LEONARDO WEXELL SEVERO, de La Paz – Bolívia
Exilado após uma onda de assassinatos, torturas, prisões, desaparecimentos e até estupros de familiares de lideranças – como o de uma sobrinha de 14 anos do presidente da Câmara dos Deputados -, o presidente reeleito da Bolívia, Evo Morales, desmontou a farsa do relatório da Organização dos Estados Americanos (OEA) em relação a uma suposta fraude nas eleições de 20 de novembro.
“O informe da OEA aponta que encontraram irregularidades em 226 atas e, mesmo se anulando o voto do Movimento Ao Socialismo – Instrumento Político para a Soberania dos Povos (MAS-IPSP) nessas atas, a diferença se mantém acima dos 10% (percentual mínimo para não haver segundo turno)”, denunciou Evo.
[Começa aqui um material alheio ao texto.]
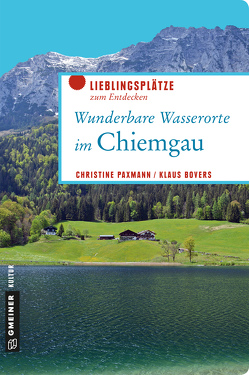 Wunderbare Wasserorte im Chiemgau von Bovers,  Klaus, Paxmann,  Christine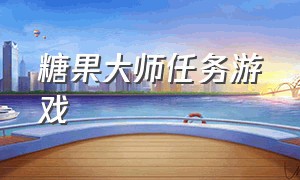 糖果大师任务游戏（糖果精灵传奇游戏入口）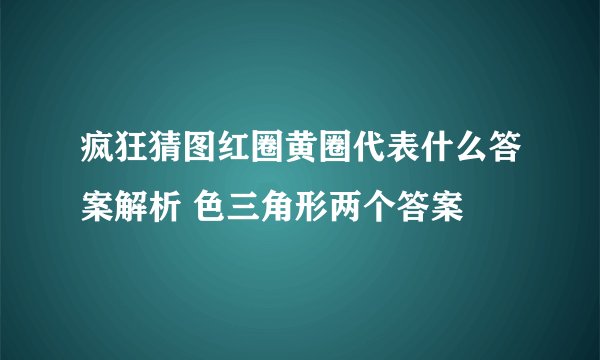 疯狂猜图红圈黄圈代表什么答案解析 色三角形两个答案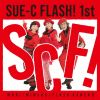 Sue-C Flash! - Sue-C Flash! 1st [CD]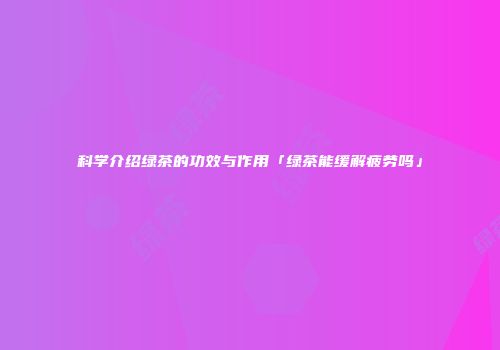 科学介绍绿茶的功效与作用「绿茶能缓解疲劳吗」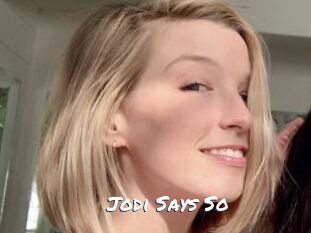 Jodi_Says_So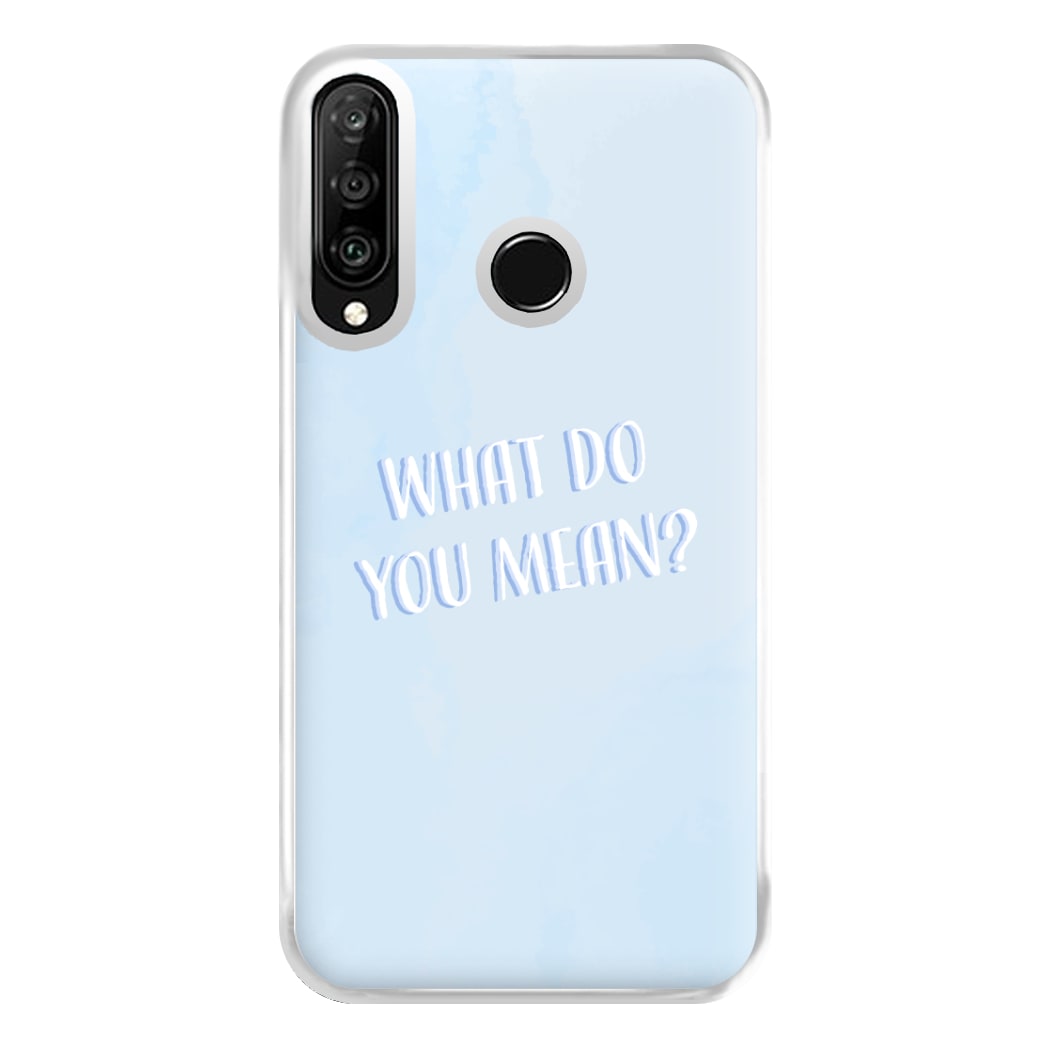 What Do You Mean - Justin Phone Case for Huawei P30 Lite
Sendo assim, destacou, “a única fraude foi do relatório oficial da OEA, cúmplice do golpe de Estado”.
Um manifesto divulgado esta semana por 97 estatísticos e economistas de todo o mundo respaldou a decisão do Supremo Tribunal Eleitoral da Bolívia, reconhecendo a vitória de Evo e fazendo um chamado à OEA para que “retire suas declarações enganosas”. Afinal, tais “enganos” repercutidos pela mídia muito “contribuíram para o conflito político e serviram como uma das ‘justificativas’ mais utilizadas para consumar o golpe”.
Conforme a “auditoria” da OEA – cujo orçamento é bancado 60% pelo governo dos Estados Unidos – “a análise estatística realizada revela que a vitória no primeiro turno de Evo Morales foi estatisticamente improvável”, e que a sua proclamação aconteceu devido a “um aumento massivo e inexplicável” de votos “nos 5% finais da contagem”. Sem esse aumento, alegam, embora o partido “tivesse conseguido a maioria dos votos, não alcançaria a diferença de 10% necessária para evitar o segundo turno”.
E a OEA vai além e diz que esta alteração na tendência das últimas urnas “é extremamente invulgar e coloca em causa a credibilidade do processo”, acrescentando que “as manipulações e irregularidades assinaladas não permitem ter a certeza sobre a margem de vitória do candidato Morales sobre o candidato Carlos Mesa”.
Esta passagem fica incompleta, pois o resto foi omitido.